In a wider sense, business development can encompass looking at and reforming other activities across the whole organization that include marketing, sales, distribution, product creation and management, operating facilities and logistics, security services, project management, supply chain and supplier management, internal systems and processes, customer service, negotiations and lobbying, record keeping, cost-cutting measures, acquiring funds and human talent development. The reason for this wider approach is that all these across the board activities are complimentary and come together to bring business development activities to fruition.
Let us now look at each of the possible growth methods in some detail.
The expansion involves enlarging the business by organic means where product lines are added, production facilities are expanded, sales are boosted, market share is increased, branches are added, delivery systems are expanded, processing systems are improved, sales outlets are added and so on. Such an expansion aims to boost sales, profit and the value of the business in general. Some ways through which a business can be expanded include:
i) Horizontal and Vertical Integration
Horizontal integration involves merging or acquiring another business in the same level of production in the value addition chain in the same industry to share strengths and mitigate weaknesses or even to create synergies. Vertical integration can involve buying or merging with a business that makes your inputs or one that distributes your products.
ii) Scaling up
Scalability in business is the business’s potential to be expanded to accommodate desired growth and generate more sales and profit without constraints. It is the capacity to operate at any scale without being constrained by space, infrastructure, resources or ability. If a business currently delivers Y amount of goods using Z amount of resources and it has potential to deliver 2Y amount of goods using same Z resources or slightly more (say 1.2Z), then such a business is scalable. If the business would need 2Z resources or more to deliver a 2Y amount of goods, then the business is not amenable to economical scalability.

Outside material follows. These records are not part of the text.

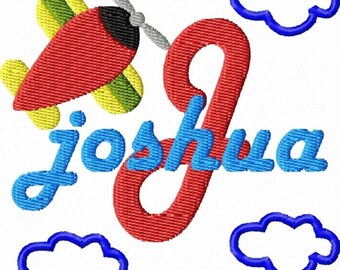BOYS AIRPLANE Monogram Font Machine Embroidery Designs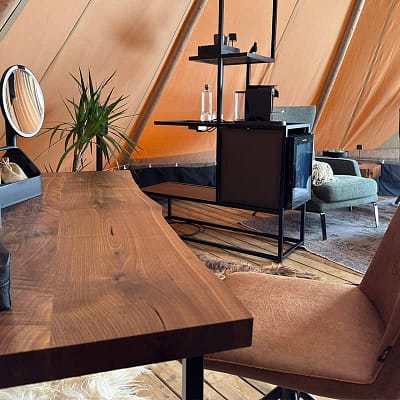 Insite the tipi work and makeup station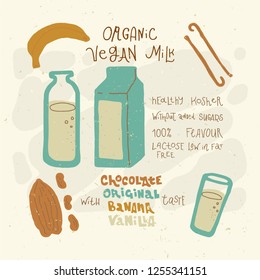 Vegetarian raw organic milk  hand drawn vector elements. Illustration made in doodle 
style. Set of food objects for package, merch and other design.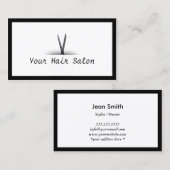 Black Border & Scissan Hair Salon Business Card Visitenkarte (Vorne/Hinten)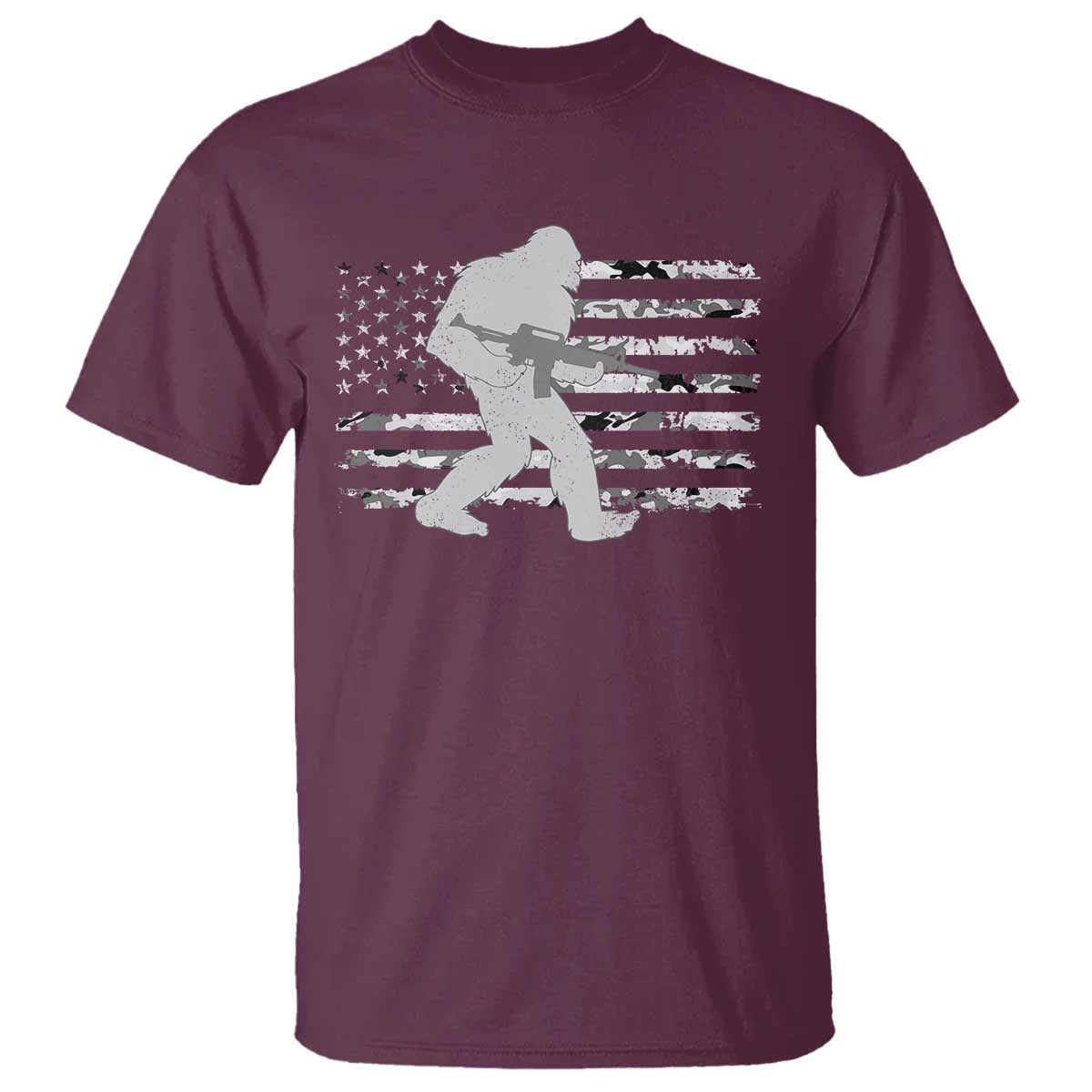 Bigfoot Gun Owner T Shirt Camo US American Flag Sasquatch Rifle - Wonder Print Shop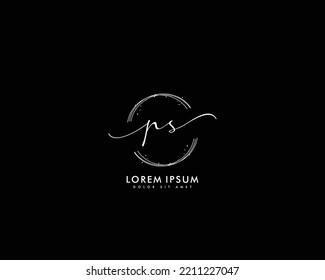 Letra PS logotipo de escritura manual inicial con firma y estilo dibujado a mano.
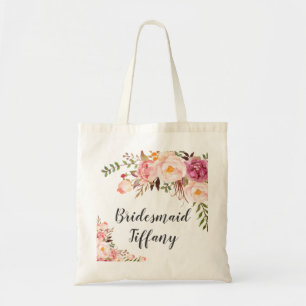 Floral Wedding Vrijgezellenfeest Canvas tas Brides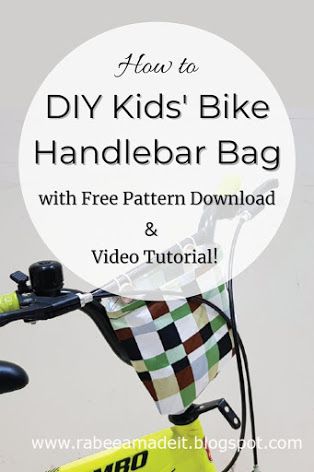 Bicycle Bag Diy, Handlebar Bag Pattern, Bicycle Bag Pattern, Bike Seat Bag, Toddler Bicycle, Bike Bags, Free Pattern Download, Bag Pattern Free, Bike Basket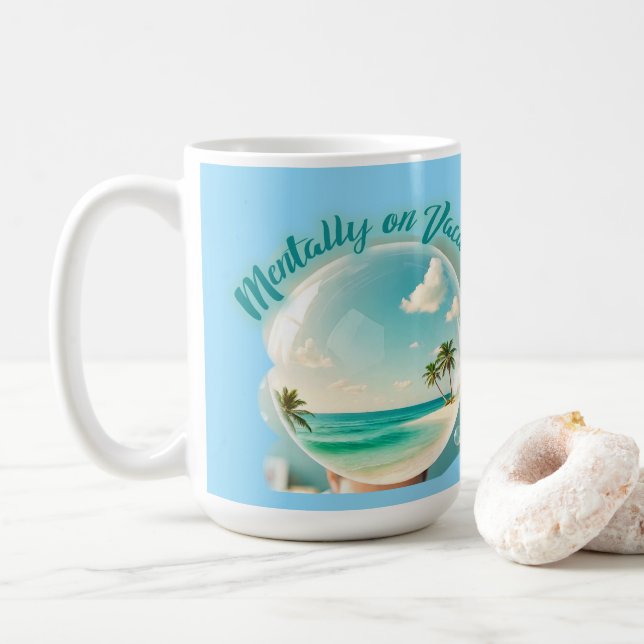 Caneca De Café mentally on vacation design (Com Donut)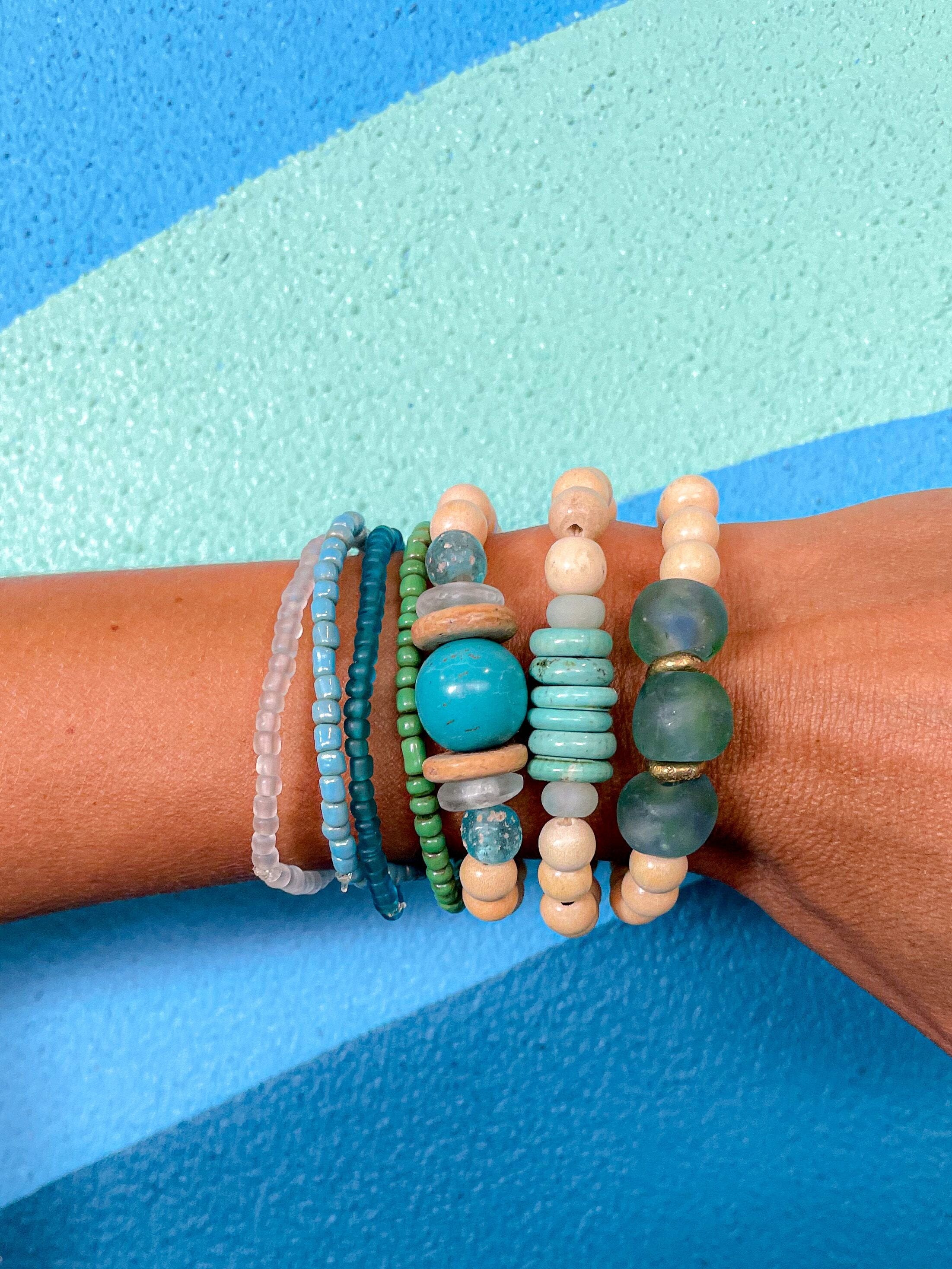 Simple Seed Bracelet | Aqua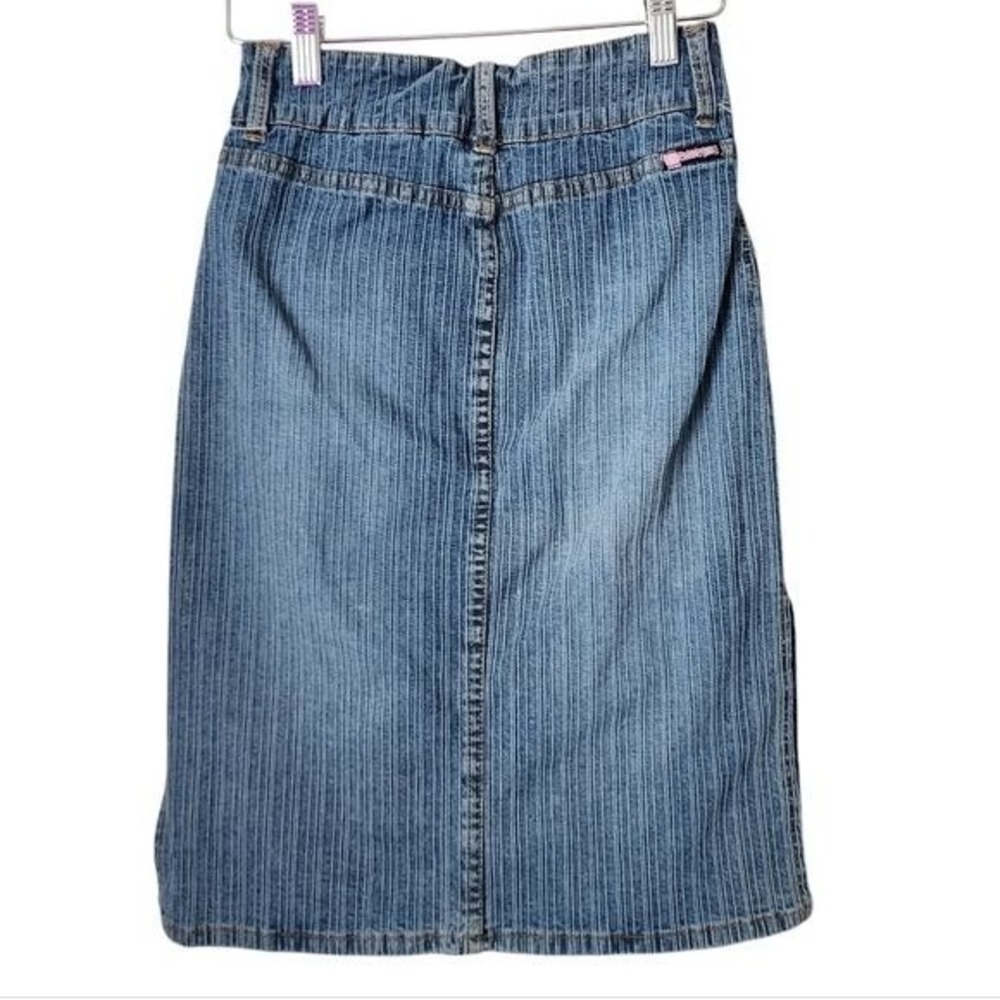 BUBBLEGUM VINTAGE 90s Ribbed Denim Skirt Y2K grunge coquette mini - Picture 3 of 10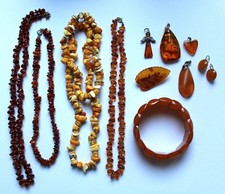 Schmuck Konvolut Bernstein Pressbernstein Katalin Kette Anhänger Armkette Brosch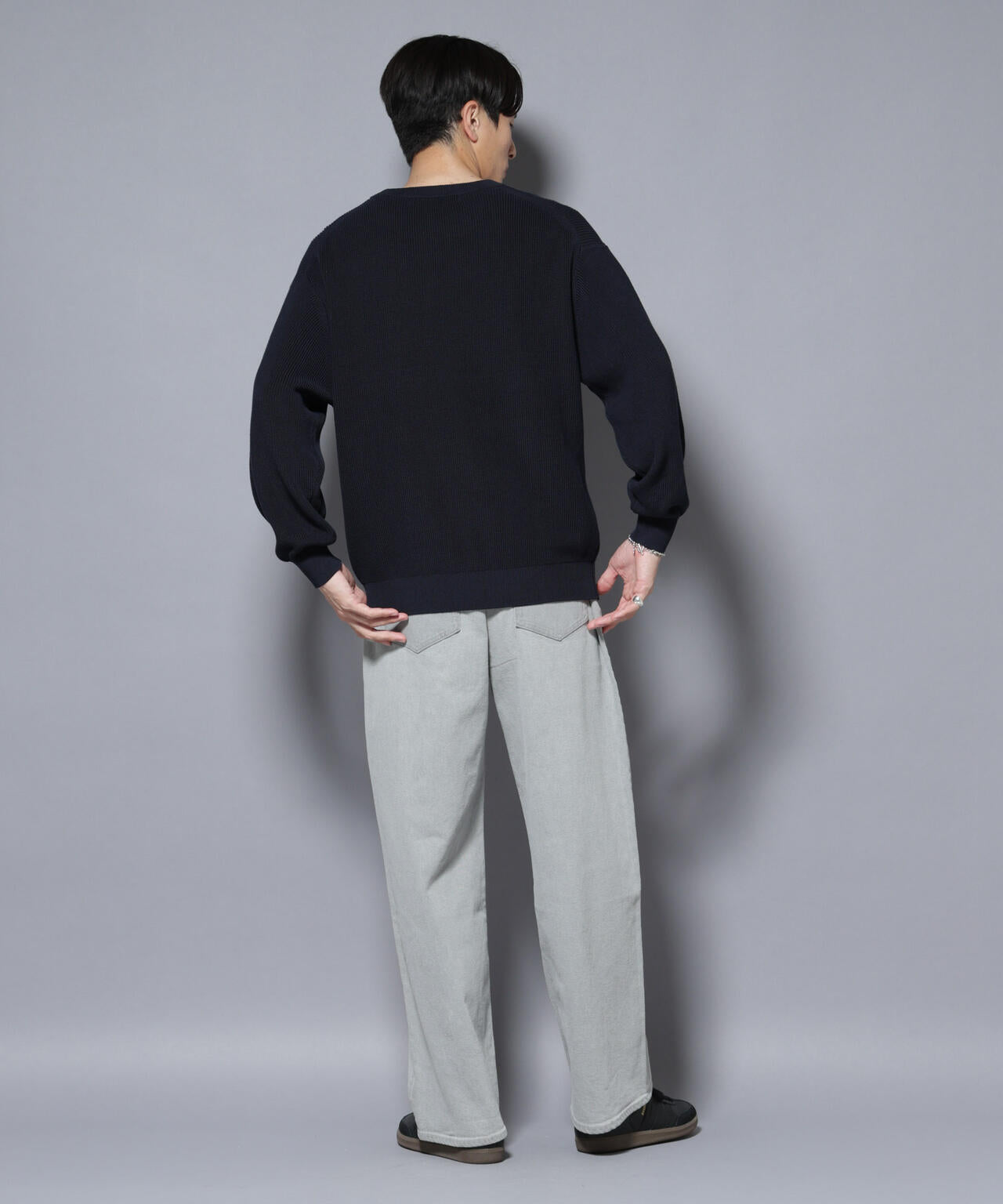 マーセライズコットン 畦クルーネックニット 6685222219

This is the ability to reproduce something like a book quickly, reliably and inexpensively and distribute it across regions. Scaling and duplicating are two business concepts that appear the same but have slight meanings. Scaling up, for example, is where you make small adjustments to operations like the factory to more than double the output that can all be sold in an expanded market. Duplication, on the other hand, is about replicating the same operation in another or more locations. Duplication and multiplication more or less mean the same thing.
Licensing and Franchising
Licensing and franchising are other ways of growing a business. Licensing is a business pact in which one business allows another business authorization to use, for example, its patents, trademarks, copyrights, designs, logos, and other intellectual property to manufacture its product for a specified payment.
A franchise is fail-safe and repeatable operating systems for making products or selling products or services that are leased to others to operate and pay fees and royalties. The concept involves developing a tested and working business model that can be rolled out anywhere by anybody. The main difference between a franchise and a license is the level of support the franchisee gets from a franchise. A franchise provides a tested and fool-proof model and guidance in site selection and on-going training and marketing support. A license usually provides nothing more beyond intellectual property rights.